Onder leiding van burgemeester Bloomberg persoonlijk is men daar begonnen met de aanleg van een groenstrook die op den duur de hele waterkant van Manhattan met bomen, struiken, planten, gras en bloemen voor wandelaars, hardlopers en fietsers zal ontsluiten. Buurtbewoners en hun kinderen (zie foto) zijn nu al dageliijks druk in de weer om hun park zo fraai mogelijk te maken.
In het Moma, het museum voor moderne kunst, was te zien hoe creatief en speels ingenieurs, architecten en kunstenaars de zuidkant van Manhattan met wetlands (moerassen) willen uitbreiden – uiteraard met het oog op de stijgende waterspiegel die vermoedelijk vooral ook door het ongebreidelde gebruik van energie in Amerika wordt veroorzaakt. http://www.moma.org/visit/calendar/exhibitions/1031
In Amerika, of althans in New York, was mijn indruk dezer dagen, is men intensiever en intelligenter met het milieu in de weer dan in Nederland.
Men zou het daar ook niet in zijn kop halen om een museum als het Stedelijk in Amsterdam jarenlang niet of slecht te laten leiden door een man als Rudi Fuchs, en het dan te sluiten.
Vlieg naar New York en zie wat het Moma te bieden heeft.
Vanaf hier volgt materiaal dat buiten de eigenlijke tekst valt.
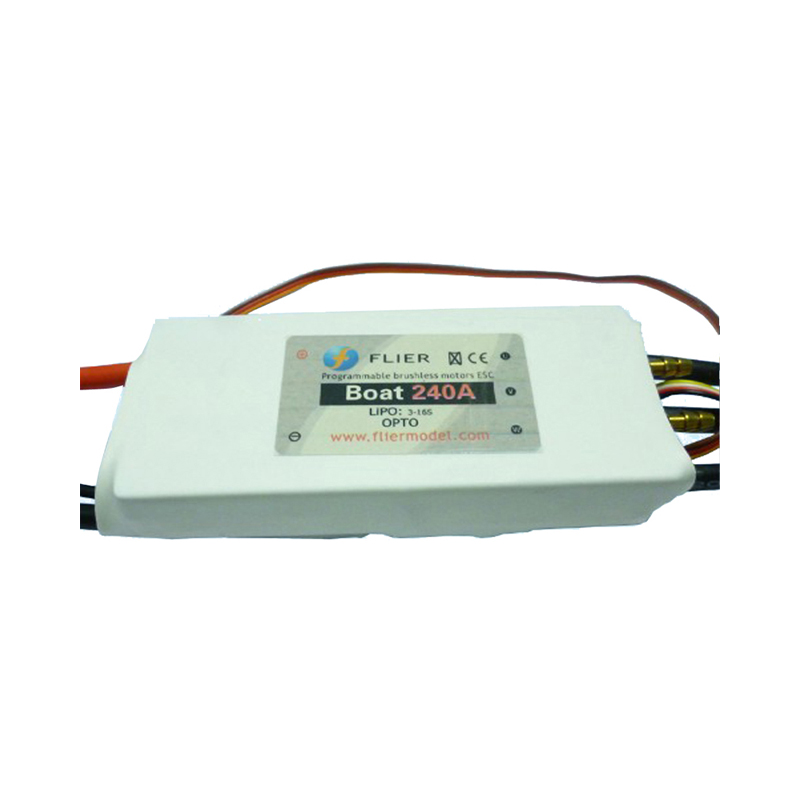 Marine water-cooled brushless controller ESC 16S 240A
Alleen al die hele verdieping met het werk van Marina Abramovitsj, die er zelf was: The artist is present http://www.moma.org/visit/calendar/exhibitions/965.
Ze kreeg er zoveel ruimte dat je geleidelijk aan haar bedoelingen steeds beter begon te begrijpen. Kijk, zegt ze, dit ben je gewend, dit is de grens waar je voor staat, maar ga erover heen, ga maar, en voel wat er gebeurt.
Er is meer over te zeggen, ik weet het, maar ik laat me de pret niet bederven door van dat kunstzinnige geouwehoer.
Het was een feest om te beleven hoeveel Amerikanen (maar ook buitenlanders) tussen een naakte man en een blote vrouw wilden door lopen, een van de performances. Man en vrouw stonden zo dicht bij elkaar dat je ze haast wel moest aanraken. Heel ongemakkelijk. Te dikke Amerikanen – en dat zijn er nogal wat – kwamen klem te zitten.
Even verder, na een wandeling door een zonnig Central Park – groot genoeg om honderden activisten voor of tegen Alzheimer puffend en zwetend te kunnen laten demonstreren – zag ik in de nieuwe vleugel van The Metropolitan Museum of Art de schitterende illustraties uit het zeer kostbare getijdenboek, Les Belles Heures, dat de Nijmeegse broers Van Limburg in de vijftiende eeuw voor hertog Jean de Berry maakten http://blog.metmuseum.org/artofillumination/
Voor een noodzakelijke restauratie – en het maken van een facsimile – was het boek voorzichtig uit elkaar gehaald en waren voor de duur van de tentoonstelling de bladzijden met de uitzonderlijk fraaie schilderingen in plexiglas vervat op lessenaars gezet. Geen pagina of er stond wel een kijker bij die (met een door het museum beschikbaar gestelde loep) al die rijkdom van vóór de boekdrukkunst tot zich liet doordringen. Alleen de schittering van het bladgoud kon je op die manier niet zien. Daarvoor moest je door de knieën, maar dat heb ik niemand zien doen. Het kijken naar deze zelden vertoonde schatten was vermoedelijk al vermoeiend genoeg.
Buiten, in een zijstraat van Fifth Avenue, vroeg een electronicaverkoper me waarom ik mijn nieuwe iPad niet bij hem kocht.
Hij had het antwoord zelf kunnen bedenken: je hebt geen tijd, in New York, nergens voor.